(Caption-style text data)
════════

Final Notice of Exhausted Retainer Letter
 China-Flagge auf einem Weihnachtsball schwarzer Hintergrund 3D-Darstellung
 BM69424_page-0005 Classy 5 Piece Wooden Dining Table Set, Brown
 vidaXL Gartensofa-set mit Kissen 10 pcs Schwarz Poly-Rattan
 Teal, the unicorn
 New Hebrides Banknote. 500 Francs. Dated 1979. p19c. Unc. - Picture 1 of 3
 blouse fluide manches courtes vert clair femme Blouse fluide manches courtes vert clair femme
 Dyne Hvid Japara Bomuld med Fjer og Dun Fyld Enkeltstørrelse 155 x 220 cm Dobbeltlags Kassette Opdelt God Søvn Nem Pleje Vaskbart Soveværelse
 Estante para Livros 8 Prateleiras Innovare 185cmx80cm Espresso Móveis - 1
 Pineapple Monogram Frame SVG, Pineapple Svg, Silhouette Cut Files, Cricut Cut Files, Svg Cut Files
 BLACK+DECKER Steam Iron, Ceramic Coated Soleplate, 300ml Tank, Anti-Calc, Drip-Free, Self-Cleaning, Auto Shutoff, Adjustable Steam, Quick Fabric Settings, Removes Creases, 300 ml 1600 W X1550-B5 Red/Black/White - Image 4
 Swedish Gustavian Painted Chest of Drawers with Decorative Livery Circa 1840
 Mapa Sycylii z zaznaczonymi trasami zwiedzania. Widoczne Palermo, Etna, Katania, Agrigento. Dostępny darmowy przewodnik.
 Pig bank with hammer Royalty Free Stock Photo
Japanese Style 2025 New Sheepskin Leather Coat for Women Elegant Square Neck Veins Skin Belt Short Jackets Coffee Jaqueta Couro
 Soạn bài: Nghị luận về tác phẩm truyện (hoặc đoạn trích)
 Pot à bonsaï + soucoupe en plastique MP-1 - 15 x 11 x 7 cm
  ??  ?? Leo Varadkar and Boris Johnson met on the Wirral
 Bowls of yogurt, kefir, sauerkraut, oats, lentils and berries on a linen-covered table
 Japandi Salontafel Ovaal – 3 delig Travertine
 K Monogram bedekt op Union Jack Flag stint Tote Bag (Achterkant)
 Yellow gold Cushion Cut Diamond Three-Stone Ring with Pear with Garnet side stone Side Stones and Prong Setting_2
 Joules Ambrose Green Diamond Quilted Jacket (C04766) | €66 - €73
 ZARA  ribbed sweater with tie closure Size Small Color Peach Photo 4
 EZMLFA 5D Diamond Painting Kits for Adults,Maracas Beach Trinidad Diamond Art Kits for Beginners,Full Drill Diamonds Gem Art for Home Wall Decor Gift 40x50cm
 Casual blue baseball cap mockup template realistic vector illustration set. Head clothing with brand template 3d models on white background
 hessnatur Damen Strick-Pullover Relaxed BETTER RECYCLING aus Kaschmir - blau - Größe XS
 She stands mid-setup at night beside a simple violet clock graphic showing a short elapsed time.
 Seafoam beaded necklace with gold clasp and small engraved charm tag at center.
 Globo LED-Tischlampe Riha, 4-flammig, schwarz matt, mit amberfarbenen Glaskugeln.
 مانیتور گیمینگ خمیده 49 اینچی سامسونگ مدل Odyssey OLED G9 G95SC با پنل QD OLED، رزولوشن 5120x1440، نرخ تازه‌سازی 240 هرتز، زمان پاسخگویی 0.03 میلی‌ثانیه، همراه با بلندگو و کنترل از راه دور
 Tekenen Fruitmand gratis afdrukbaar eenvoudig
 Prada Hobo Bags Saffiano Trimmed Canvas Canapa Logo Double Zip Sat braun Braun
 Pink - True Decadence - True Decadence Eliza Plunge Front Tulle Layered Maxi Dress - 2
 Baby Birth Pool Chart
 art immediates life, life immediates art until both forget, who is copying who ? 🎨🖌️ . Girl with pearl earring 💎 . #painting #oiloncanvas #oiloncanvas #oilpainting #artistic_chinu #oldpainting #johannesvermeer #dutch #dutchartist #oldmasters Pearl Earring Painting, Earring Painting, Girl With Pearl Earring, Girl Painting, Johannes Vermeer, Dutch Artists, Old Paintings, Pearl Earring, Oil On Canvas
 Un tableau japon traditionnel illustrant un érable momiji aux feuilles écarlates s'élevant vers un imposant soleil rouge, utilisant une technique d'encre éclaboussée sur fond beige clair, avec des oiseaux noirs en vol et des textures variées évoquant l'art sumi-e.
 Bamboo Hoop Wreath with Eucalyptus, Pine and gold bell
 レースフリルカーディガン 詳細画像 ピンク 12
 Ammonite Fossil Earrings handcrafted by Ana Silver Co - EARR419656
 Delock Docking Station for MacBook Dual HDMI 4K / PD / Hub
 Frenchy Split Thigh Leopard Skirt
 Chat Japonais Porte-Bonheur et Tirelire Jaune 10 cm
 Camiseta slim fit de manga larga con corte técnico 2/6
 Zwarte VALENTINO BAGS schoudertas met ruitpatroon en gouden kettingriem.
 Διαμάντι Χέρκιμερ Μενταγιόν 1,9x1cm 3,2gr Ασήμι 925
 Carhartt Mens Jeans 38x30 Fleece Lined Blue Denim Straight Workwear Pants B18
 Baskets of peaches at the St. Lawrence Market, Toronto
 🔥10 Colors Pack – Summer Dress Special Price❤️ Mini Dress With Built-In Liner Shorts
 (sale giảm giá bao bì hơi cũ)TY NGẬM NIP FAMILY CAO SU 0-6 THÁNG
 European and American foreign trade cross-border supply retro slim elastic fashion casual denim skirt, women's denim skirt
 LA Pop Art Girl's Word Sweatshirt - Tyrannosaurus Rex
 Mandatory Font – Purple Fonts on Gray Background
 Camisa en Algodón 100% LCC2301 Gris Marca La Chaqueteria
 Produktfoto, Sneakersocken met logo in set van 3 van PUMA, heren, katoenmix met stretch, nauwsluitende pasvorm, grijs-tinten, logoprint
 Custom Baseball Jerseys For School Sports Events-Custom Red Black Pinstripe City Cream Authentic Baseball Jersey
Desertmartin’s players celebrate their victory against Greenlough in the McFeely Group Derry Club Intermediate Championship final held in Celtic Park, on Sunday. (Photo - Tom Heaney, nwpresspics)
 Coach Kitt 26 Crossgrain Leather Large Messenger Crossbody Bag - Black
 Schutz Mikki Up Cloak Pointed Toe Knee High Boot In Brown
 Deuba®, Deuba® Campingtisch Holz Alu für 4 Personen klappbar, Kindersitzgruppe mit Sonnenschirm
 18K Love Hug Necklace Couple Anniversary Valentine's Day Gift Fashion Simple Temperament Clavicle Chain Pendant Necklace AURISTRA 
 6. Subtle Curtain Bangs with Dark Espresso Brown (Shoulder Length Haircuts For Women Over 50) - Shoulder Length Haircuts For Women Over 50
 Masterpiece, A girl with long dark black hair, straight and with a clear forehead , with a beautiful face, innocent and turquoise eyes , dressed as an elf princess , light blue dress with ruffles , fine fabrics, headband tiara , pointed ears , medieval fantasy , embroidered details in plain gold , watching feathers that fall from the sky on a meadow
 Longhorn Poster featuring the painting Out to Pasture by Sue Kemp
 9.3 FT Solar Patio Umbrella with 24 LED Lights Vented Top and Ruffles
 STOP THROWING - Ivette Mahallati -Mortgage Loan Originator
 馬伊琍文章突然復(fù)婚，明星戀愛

════════

Exercise goal: List all lines from the entries that include the word "Leather".

Answer section:
Japanese Style 2025 New Sheepskin Leather Coat for Women Elegant Square Neck Veins Skin Belt Short Jackets Coffee Jaqueta Couro
 Coach Kitt 26 Crossgrain Leather Large Messenger Crossbody Bag - Black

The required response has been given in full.